> Data listing:
☆ ☆ ☆ ☆ ☆
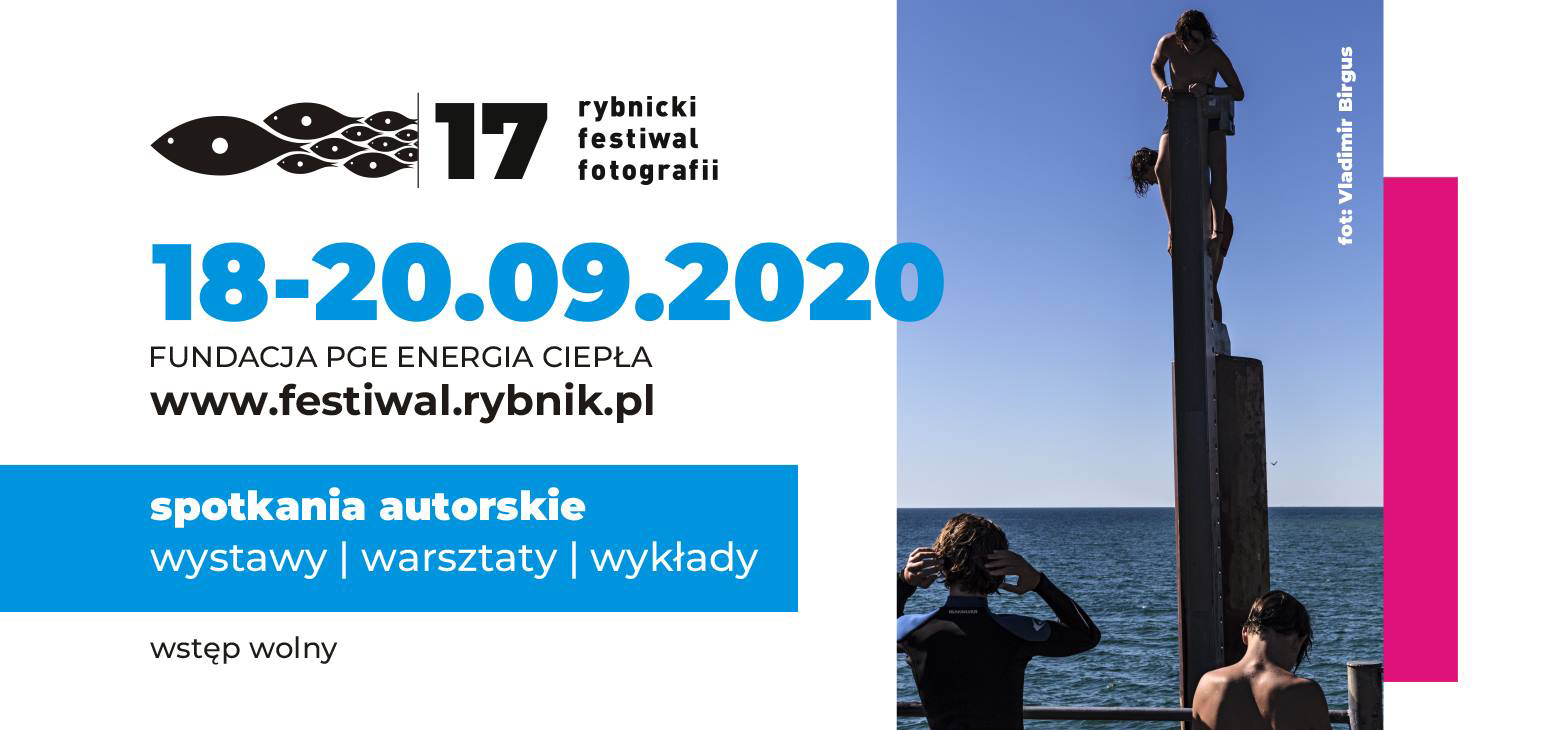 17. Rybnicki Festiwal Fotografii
☆ ☆ ☆ ☆ ☆
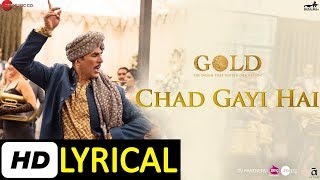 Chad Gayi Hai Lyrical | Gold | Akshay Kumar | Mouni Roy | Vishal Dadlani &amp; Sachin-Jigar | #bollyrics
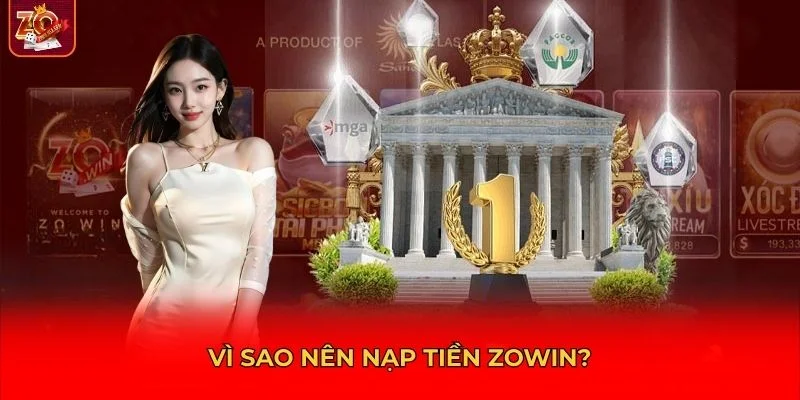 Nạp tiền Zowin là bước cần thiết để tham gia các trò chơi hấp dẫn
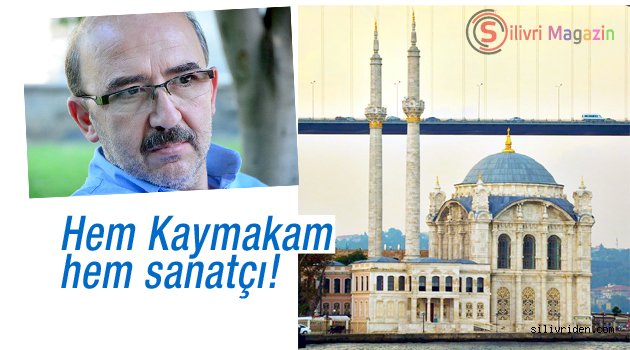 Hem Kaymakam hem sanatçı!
☆ ☆ ☆ ☆ ☆
> Instructions to follow: An exact transcription is needed of the lines from the one with "Nạp tiền Zowin" to the one with "Hem Kaymakam hem sanatçı!" above, both ends included, with pictures left out.

> Problem solution:
 Nạp tiền Zowin là bước cần thiết để tham gia các trò chơi hấp dẫn
 Hem Kaymakam hem sanatçı!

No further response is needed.